___ Recorded information ___
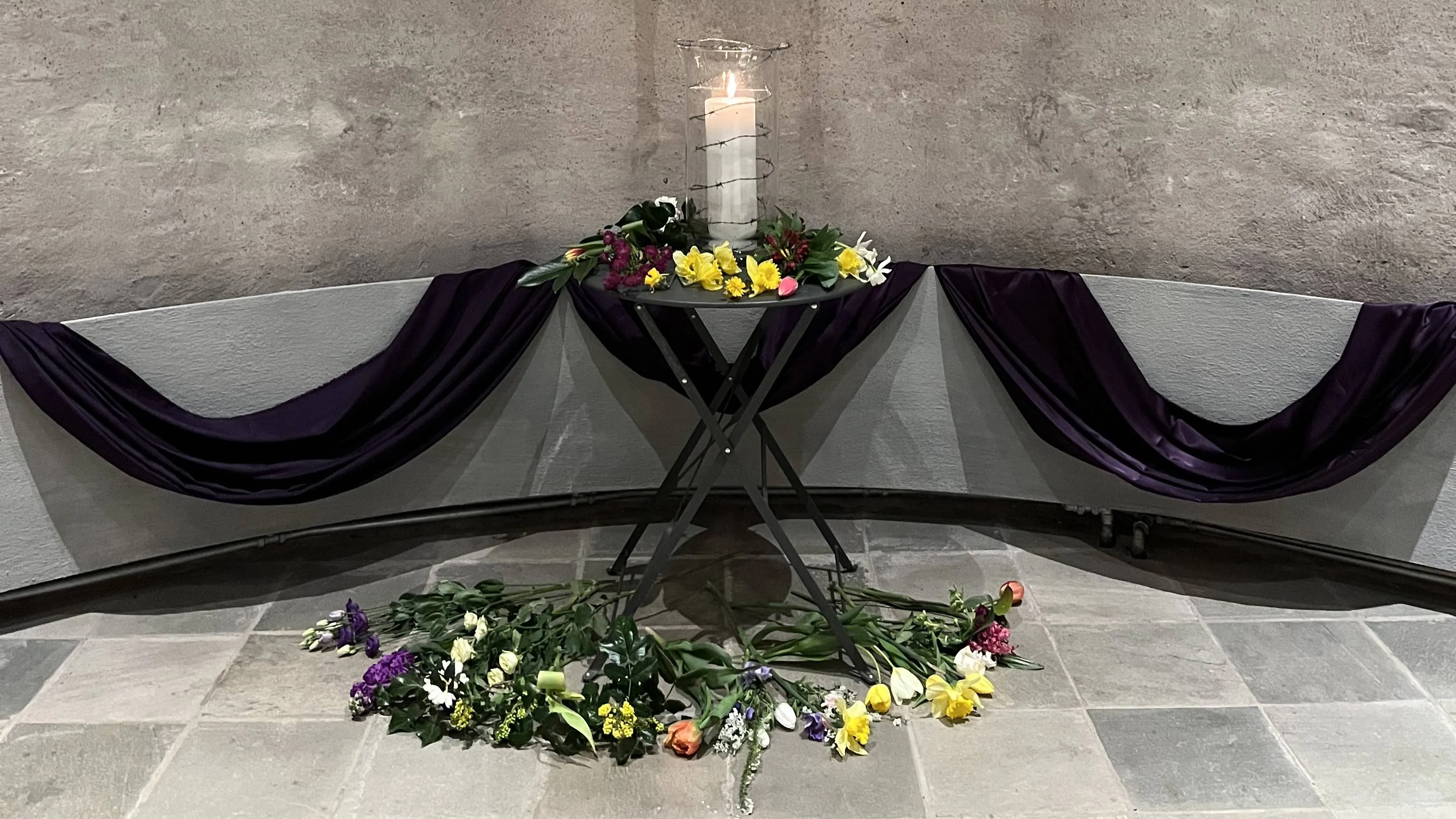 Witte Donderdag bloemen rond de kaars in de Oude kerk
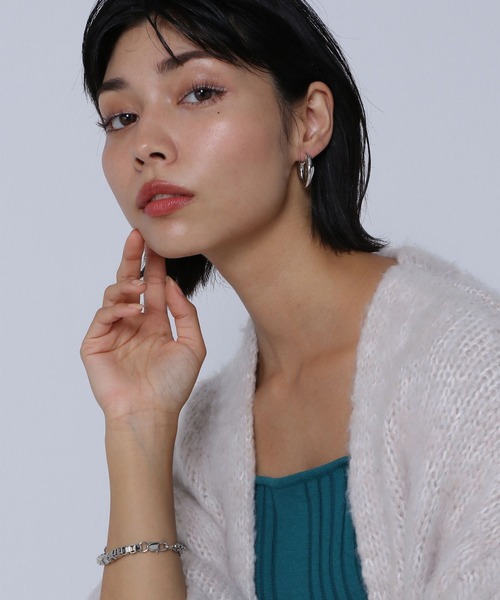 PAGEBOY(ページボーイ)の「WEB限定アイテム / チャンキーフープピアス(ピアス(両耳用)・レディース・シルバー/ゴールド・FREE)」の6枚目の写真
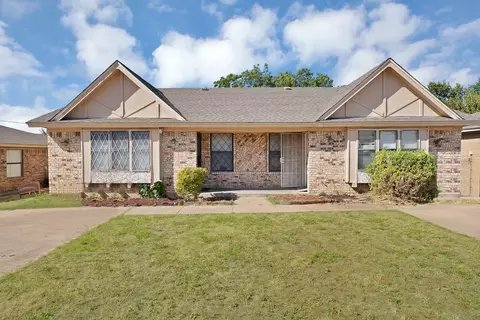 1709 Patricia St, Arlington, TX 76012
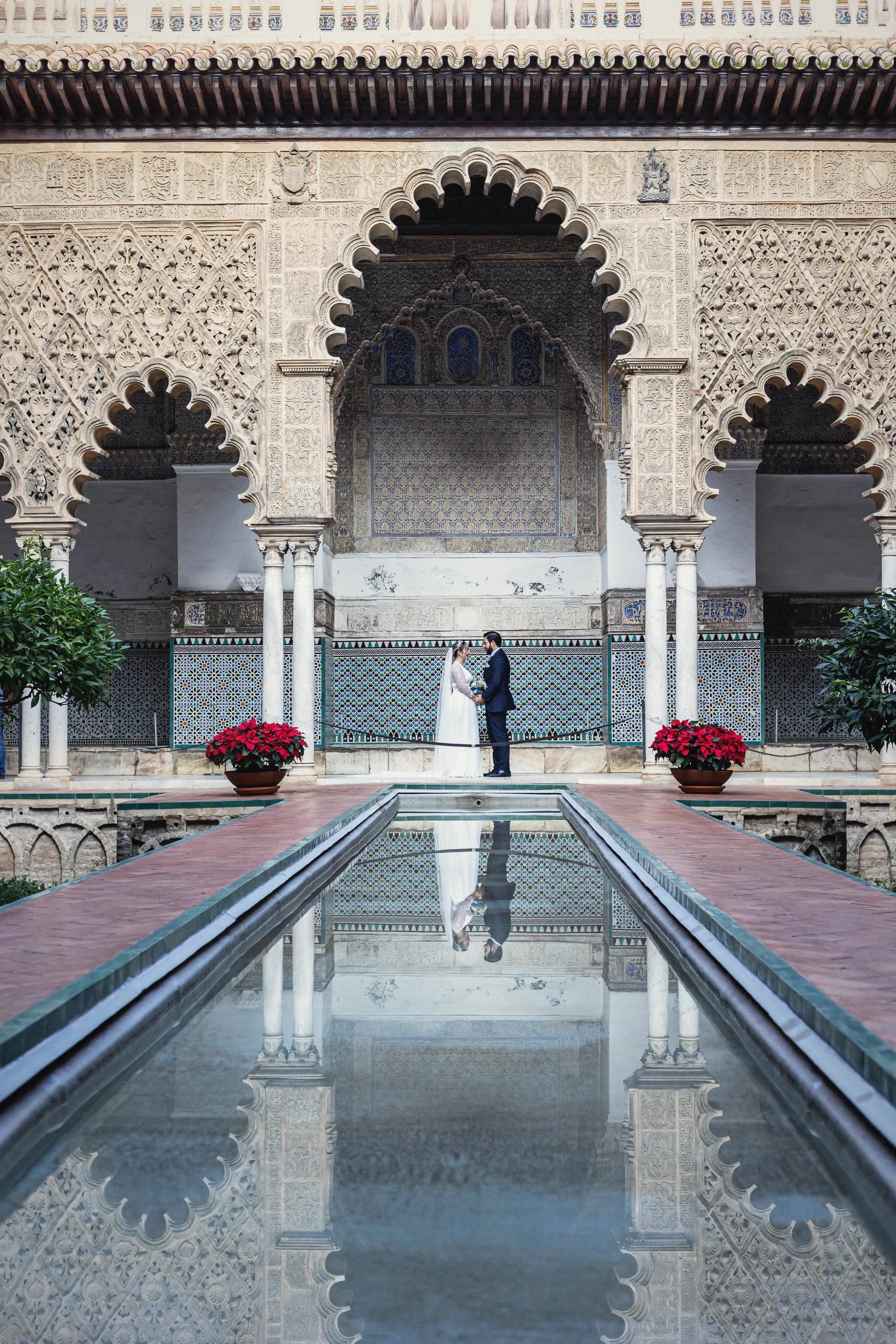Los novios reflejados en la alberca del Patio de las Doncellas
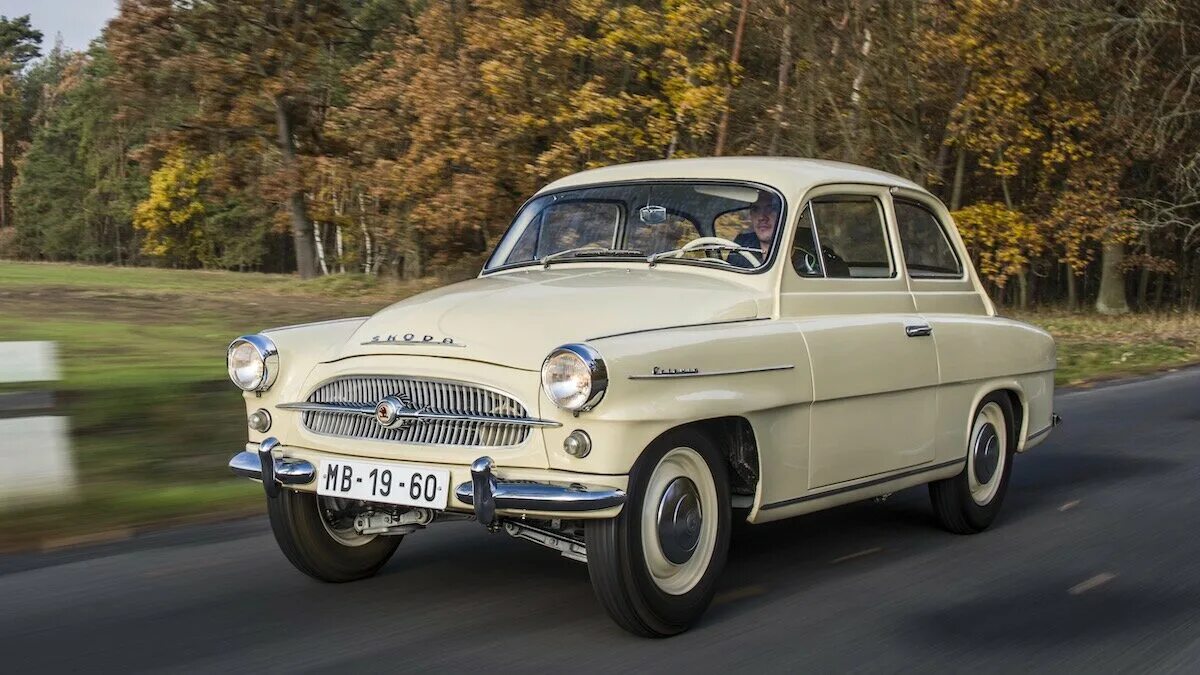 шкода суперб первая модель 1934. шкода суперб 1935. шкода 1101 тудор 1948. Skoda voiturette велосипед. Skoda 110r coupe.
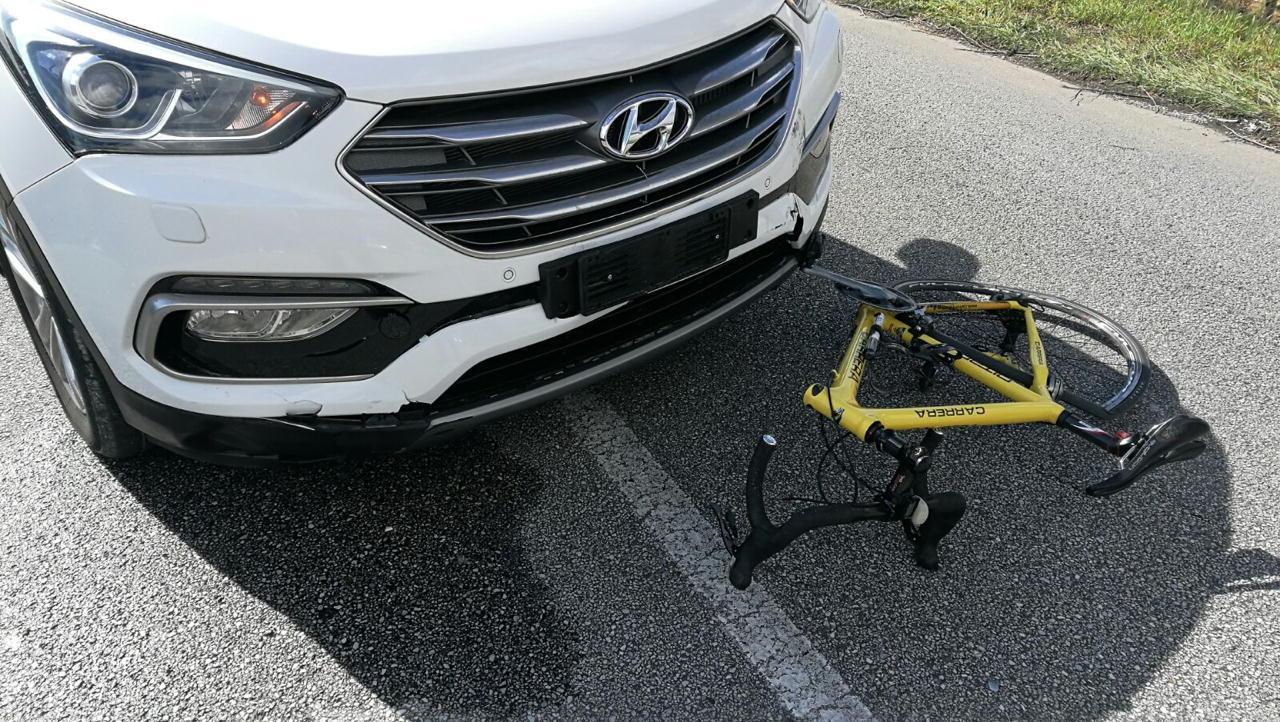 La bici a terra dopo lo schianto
___
Task goal: From the first line to the last, write out the data exactly, omitting any pictures.

Exercise result:
 Witte Donderdag bloemen rond de kaars in de Oude kerk
 PAGEBOY(ページボーイ)の「WEB限定アイテム / チャンキーフープピアス(ピアス(両耳用)・レディース・シルバー/ゴールド・FREE)」の6枚目の写真
 1709 Patricia St, Arlington, TX 76012
Los novios reflejados en la alberca del Patio de las Doncellas
 шкода суперб первая модель 1934. шкода суперб 1935. шкода 1101 тудор 1948. Skoda voiturette велосипед. Skoda 110r coupe.
 La bici a terra dopo lo schianto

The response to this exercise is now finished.